→ What you need to do
Begin at the line below that has "Использование команд APT в Linux". Stop after the line that has "Manna Wellness Apartament", repeating each line exactly and leaving out the pictures.

→ Data in this exercise
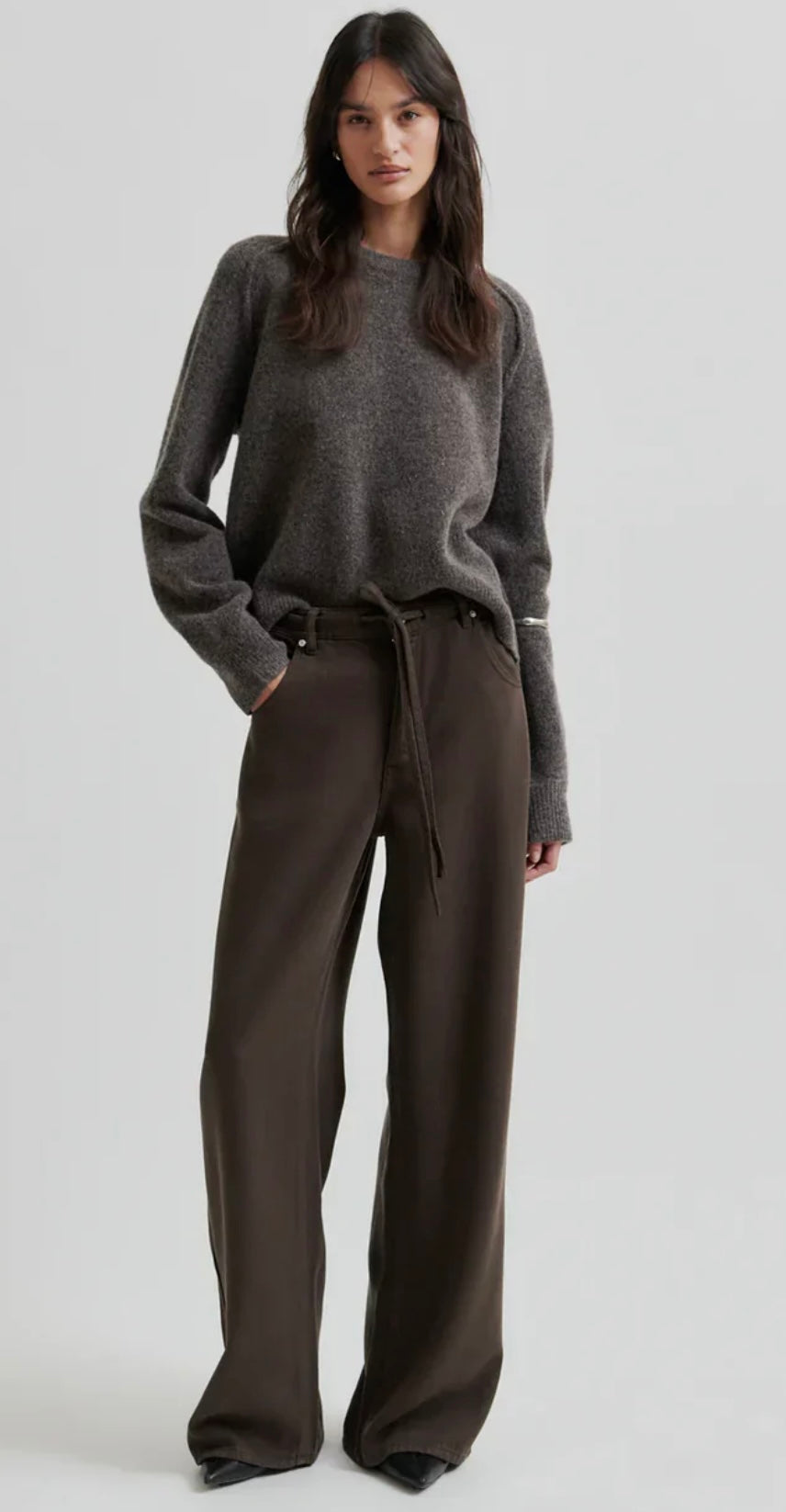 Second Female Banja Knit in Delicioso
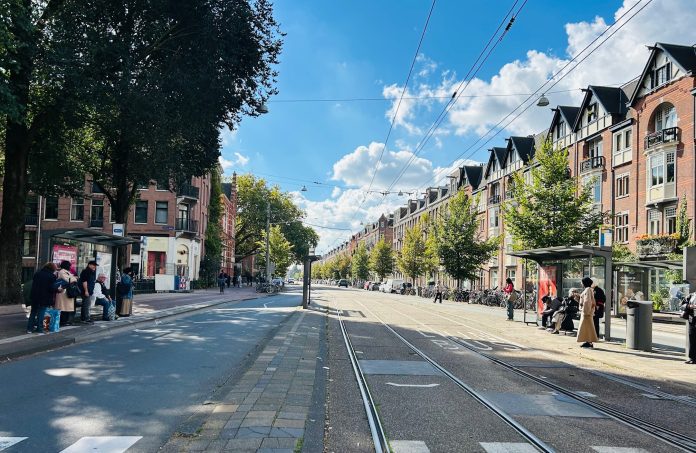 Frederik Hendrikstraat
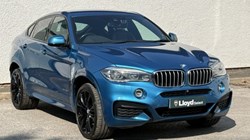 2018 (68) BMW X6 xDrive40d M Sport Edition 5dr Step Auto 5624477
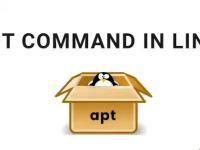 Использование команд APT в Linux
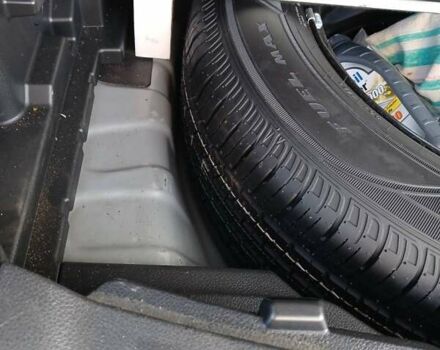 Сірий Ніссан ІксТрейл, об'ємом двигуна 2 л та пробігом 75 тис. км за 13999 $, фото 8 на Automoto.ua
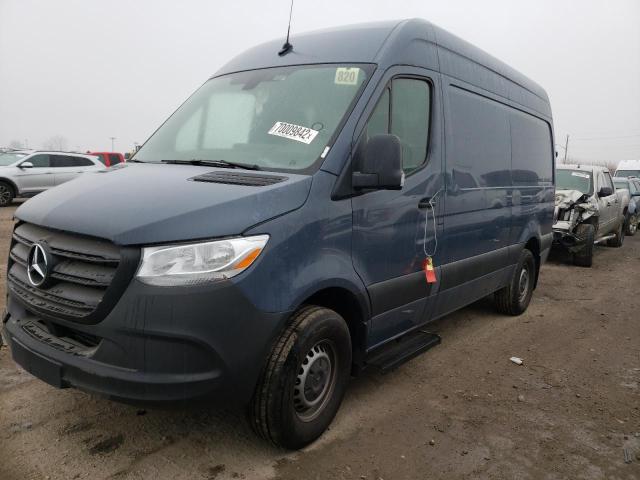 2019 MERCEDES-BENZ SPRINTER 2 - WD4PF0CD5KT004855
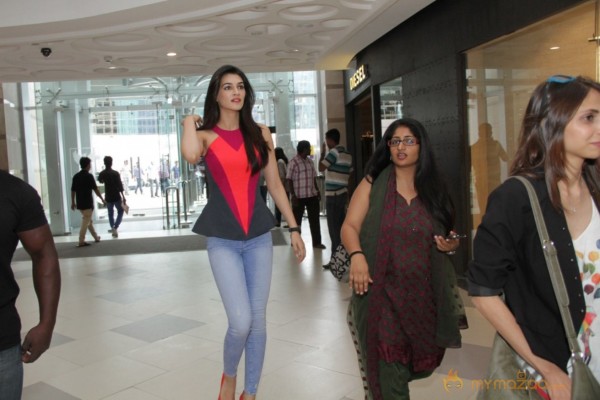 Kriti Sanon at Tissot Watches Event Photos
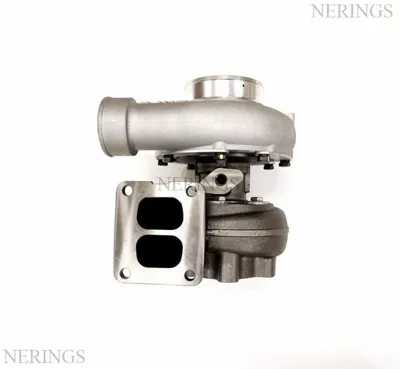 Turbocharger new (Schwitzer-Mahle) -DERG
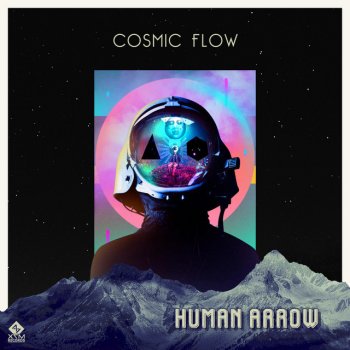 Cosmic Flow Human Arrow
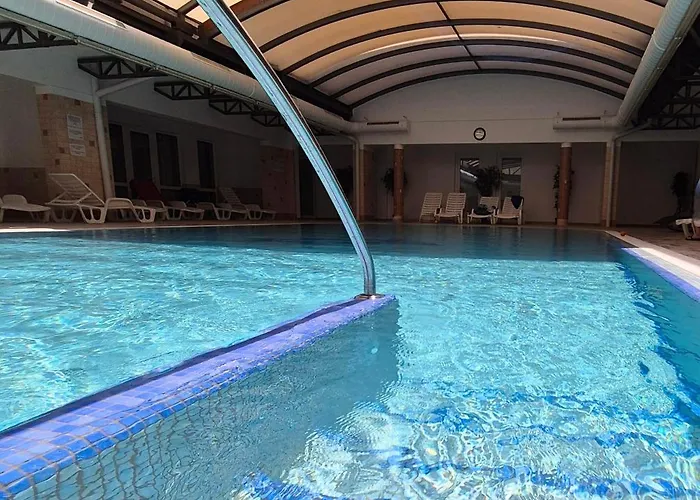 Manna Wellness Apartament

* * *

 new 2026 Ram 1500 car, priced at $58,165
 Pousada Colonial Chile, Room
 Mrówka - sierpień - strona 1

--

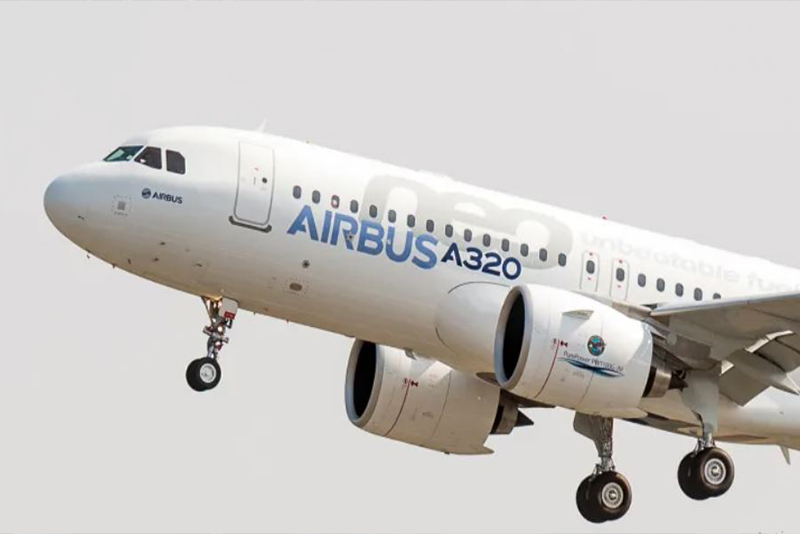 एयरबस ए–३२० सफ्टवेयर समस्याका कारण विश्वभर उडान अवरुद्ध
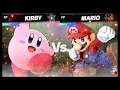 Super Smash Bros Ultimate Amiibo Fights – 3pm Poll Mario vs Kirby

→ Exercise output
 Использование команд APT в Linux
 Сірий Ніссан ІксТрейл, об'ємом двигуна 2 л та пробігом 75 тис. км за 13999 $, фото 8 на Automoto.ua
 2019 MERCEDES-BENZ SPRINTER 2 - WD4PF0CD5KT004855
 Kriti Sanon at Tissot Watches Event Photos
 Turbocharger new (Schwitzer-Mahle) -DERG
 Cosmic Flow Human Arrow
 Manna Wellness Apartament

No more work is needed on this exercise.